# [RAW DATA]

------------------------------------------------------------------------

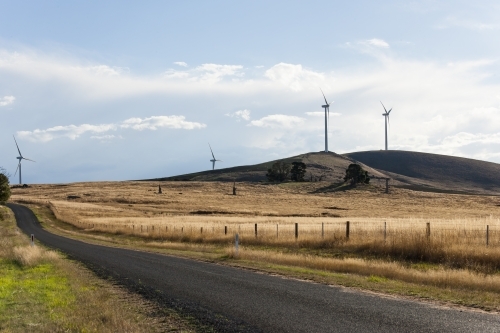 Country road leading through paddocks with wind turbines - Australian Stock Image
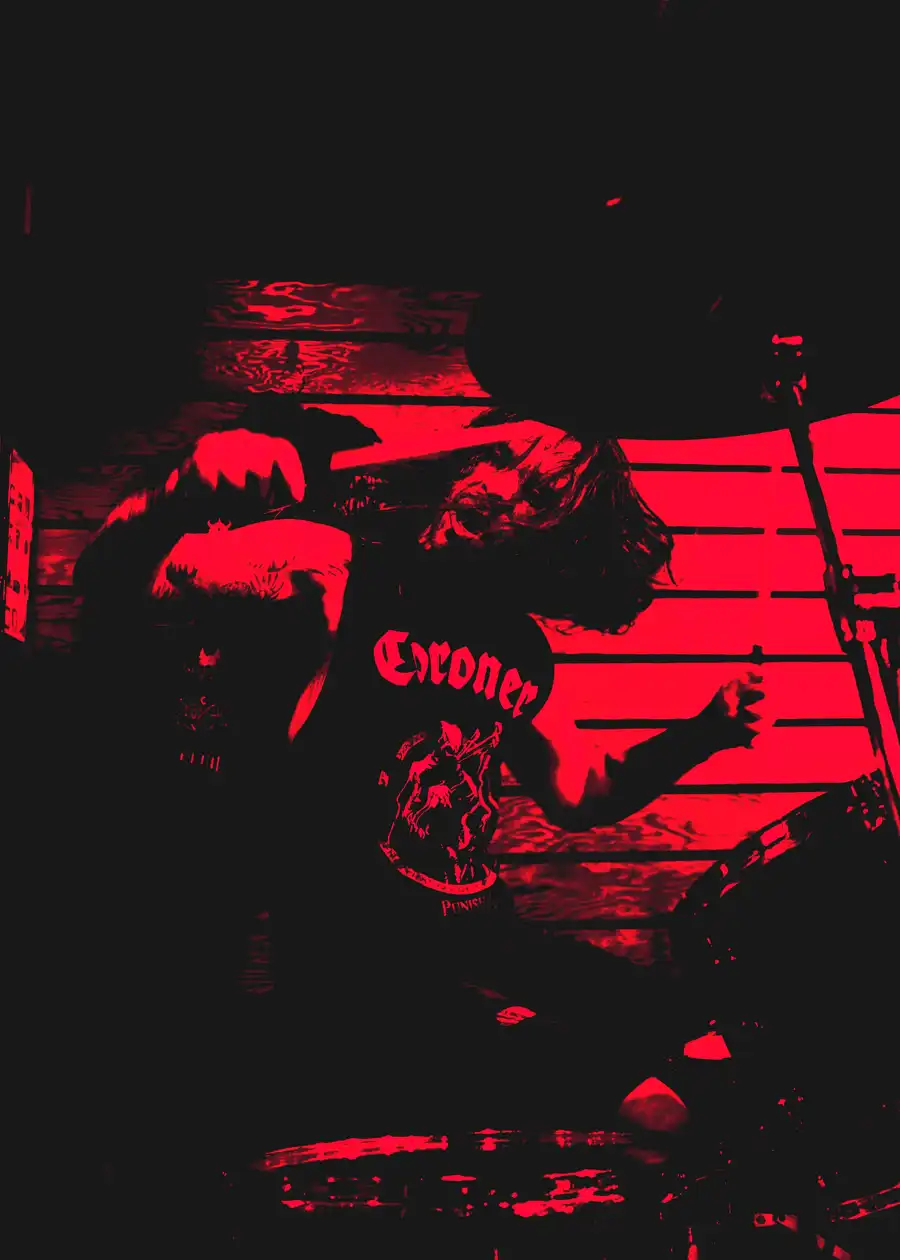 Thom performing live for Worship Pain under heavy red light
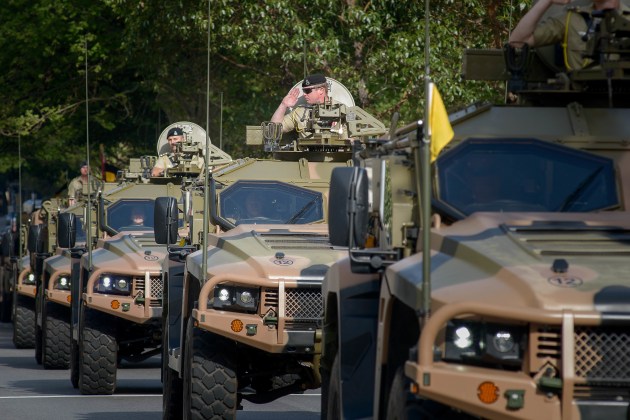 Vehicles of the 10th Light Horse Regiment move through the streets of Perth. (Defence)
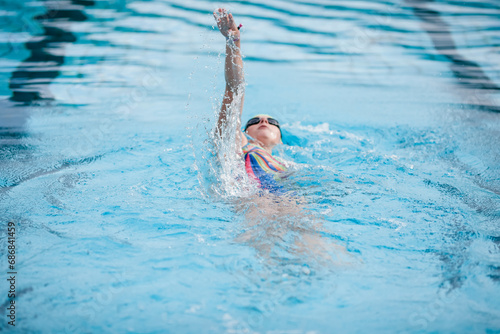 Young woman swimming in swimming pool, backstroke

------------------------------------------------------------------------

# [DIRECTIONS FOR THIS TASK]
The output must start at the line holding "Thom performing live", end at the last line of the listing above, and show each line exactly; please omit all pictures.

# [COMPLETED TASK]
 Thom performing live for Worship Pain under heavy red light
 Vehicles of the 10th Light Horse Regiment move through the streets of Perth. (Defence)
 Young woman swimming in swimming pool, backstroke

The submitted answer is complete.